## Task prompt
Give back all of the records underneath exactly, with no omissions.
# # #
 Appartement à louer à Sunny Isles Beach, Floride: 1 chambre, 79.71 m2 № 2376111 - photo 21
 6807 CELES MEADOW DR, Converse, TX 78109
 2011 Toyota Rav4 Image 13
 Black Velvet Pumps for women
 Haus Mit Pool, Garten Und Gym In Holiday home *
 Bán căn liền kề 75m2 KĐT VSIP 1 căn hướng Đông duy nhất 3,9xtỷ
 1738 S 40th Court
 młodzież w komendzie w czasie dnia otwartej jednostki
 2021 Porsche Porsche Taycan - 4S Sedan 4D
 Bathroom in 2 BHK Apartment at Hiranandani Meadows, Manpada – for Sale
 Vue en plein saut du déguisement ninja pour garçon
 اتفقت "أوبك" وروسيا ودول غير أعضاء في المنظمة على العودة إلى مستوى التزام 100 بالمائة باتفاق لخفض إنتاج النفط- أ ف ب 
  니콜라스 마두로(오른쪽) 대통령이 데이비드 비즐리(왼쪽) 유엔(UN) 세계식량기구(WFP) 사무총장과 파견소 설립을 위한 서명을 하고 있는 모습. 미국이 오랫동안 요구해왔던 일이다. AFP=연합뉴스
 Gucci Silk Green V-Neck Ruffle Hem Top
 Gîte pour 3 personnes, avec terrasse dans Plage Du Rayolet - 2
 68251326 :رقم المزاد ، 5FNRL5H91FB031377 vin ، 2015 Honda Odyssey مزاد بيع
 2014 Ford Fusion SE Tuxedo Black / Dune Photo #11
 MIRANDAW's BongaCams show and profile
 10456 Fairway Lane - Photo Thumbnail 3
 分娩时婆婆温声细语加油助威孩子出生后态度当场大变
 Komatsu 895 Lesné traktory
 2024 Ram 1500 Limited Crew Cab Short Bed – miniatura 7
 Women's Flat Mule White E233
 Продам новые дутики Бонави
# # #
## Solution
 Appartement à louer à Sunny Isles Beach, Floride: 1 chambre, 79.71 m2 № 2376111 - photo 21
 6807 CELES MEADOW DR, Converse, TX 78109
 2011 Toyota Rav4 Image 13
 Black Velvet Pumps for women
 Haus Mit Pool, Garten Und Gym In Holiday home *
 Bán căn liền kề 75m2 KĐT VSIP 1 căn hướng Đông duy nhất 3,9xtỷ
 1738 S 40th Court
 młodzież w komendzie w czasie dnia otwartej jednostki
 2021 Porsche Porsche Taycan - 4S Sedan 4D
 Bathroom in 2 BHK Apartment at Hiranandani Meadows, Manpada – for Sale
 Vue en plein saut du déguisement ninja pour garçon
 اتفقت "أوبك" وروسيا ودول غير أعضاء في المنظمة على العودة إلى مستوى التزام 100 بالمائة باتفاق لخفض إنتاج النفط- أ ف ب 
  니콜라스 마두로(오른쪽) 대통령이 데이비드 비즐리(왼쪽) 유엔(UN) 세계식량기구(WFP) 사무총장과 파견소 설립을 위한 서명을 하고 있는 모습. 미국이 오랫동안 요구해왔던 일이다. AFP=연합뉴스
 Gucci Silk Green V-Neck Ruffle Hem Top
 Gîte pour 3 personnes, avec terrasse dans Plage Du Rayolet - 2
 68251326 :رقم المزاد ، 5FNRL5H91FB031377 vin ، 2015 Honda Odyssey مزاد بيع
 2014 Ford Fusion SE Tuxedo Black / Dune Photo #11
 MIRANDAW's BongaCams show and profile
 10456 Fairway Lane - Photo Thumbnail 3
 分娩时婆婆温声细语加油助威孩子出生后态度当场大变
 Komatsu 895 Lesné traktory
 2024 Ram 1500 Limited Crew Cab Short Bed – miniatura 7
 Women's Flat Mule White E233
 Продам новые дутики Бонави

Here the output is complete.